Speaking of her. Unlike male Orians, women let their hair grow to their shoulder blades at least. Hers were a little past, with a little bit of flame, minute in size, singed at a strand on the left side of her pale face. Dark green eyes glared through the holo-vid, burning holes all around. Sometimes, Majon wished she could really do that so that she could glare him though the floor of the cruddy place. She was lithe, like almost all Orian women were. Even if they were scientists, the entire race received a basic military training. A small laser rested on each of their belts, and thank God they forgot them every time this sort of thing happened.
"That's it, captain!" Mem said, with the strong, somewhat light voice that was noted of her. She continued her tirade. "I want to be moved to a different deck. He is incompetent! Foolish! And downright lewd!"
Osma griped a pipe in his hand above him. "She is only fooling herself, captain!" It was always the same.
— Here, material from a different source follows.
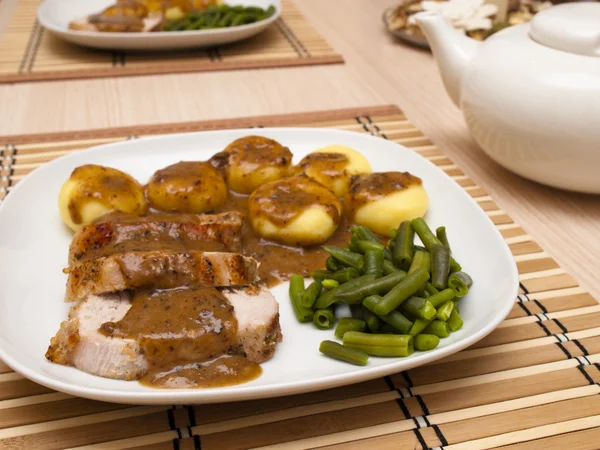 Roast pork in gravy with silesian noodles — Stock Photo, Image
Majon just tuned them out after that. He was tired of their bickering. It was as if they had their seventy-fifth anniversary yesterday. It was an every day affair with these two.
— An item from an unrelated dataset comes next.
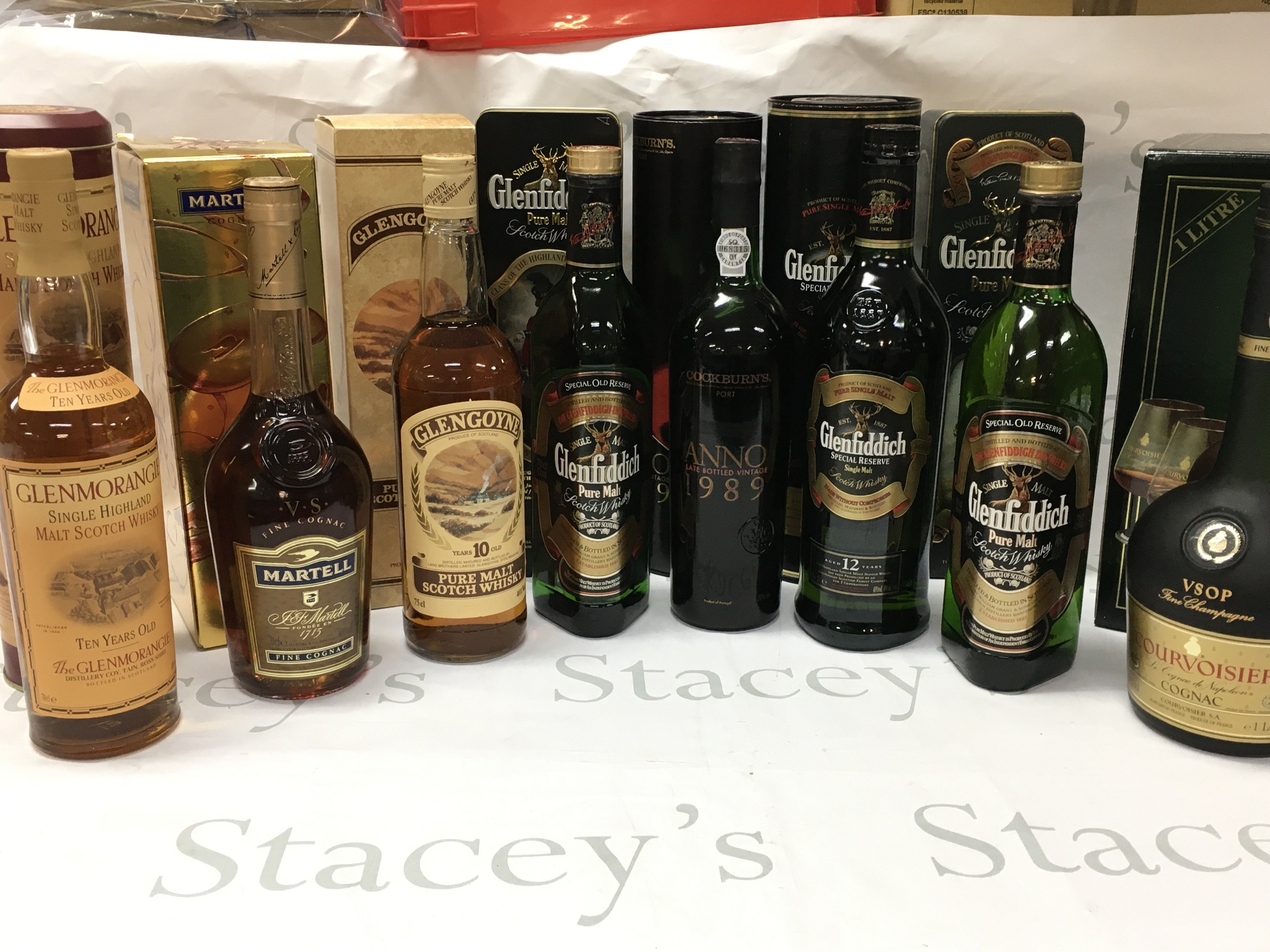 A Collection of boxed whiskey including Glenfiddich single malt , Cockburns 1989 port, Courvoisier fine champagne . This lot cannot be posted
He should have listened to mother and become a writer. The more he read Shadow's books, he wished he had. Last night he had finished Champions of Ravenloft. It had been one of the few Shadow titles involving the fantasy genre and it was pretty good. He had never really tried to get into that genre but now that he had read it, he wished he could have gone to the Raney School of Arts, but oh no. He had to listen to his father and head off to the academy. Now he was stuck with these two.
". . . a mass that large in space could not possibly be one living organism!"
"What?" said the captain, now jolted out of his daze of longing for sanity. "Repeat that."
Osma gave the captain' strange look but resigned a sigh. "I said, captain, that my brain-dead wife found a anomaly out in space." He gave the woman a glare which she had no qualms in returning. "A pulse of a life force ninety degrees to our left. Not only that, but her computer also seems to be picking up a signal radiating from the thing. We both know that's impossible, right captain?"
Maybe jumping out the airlock was a better option.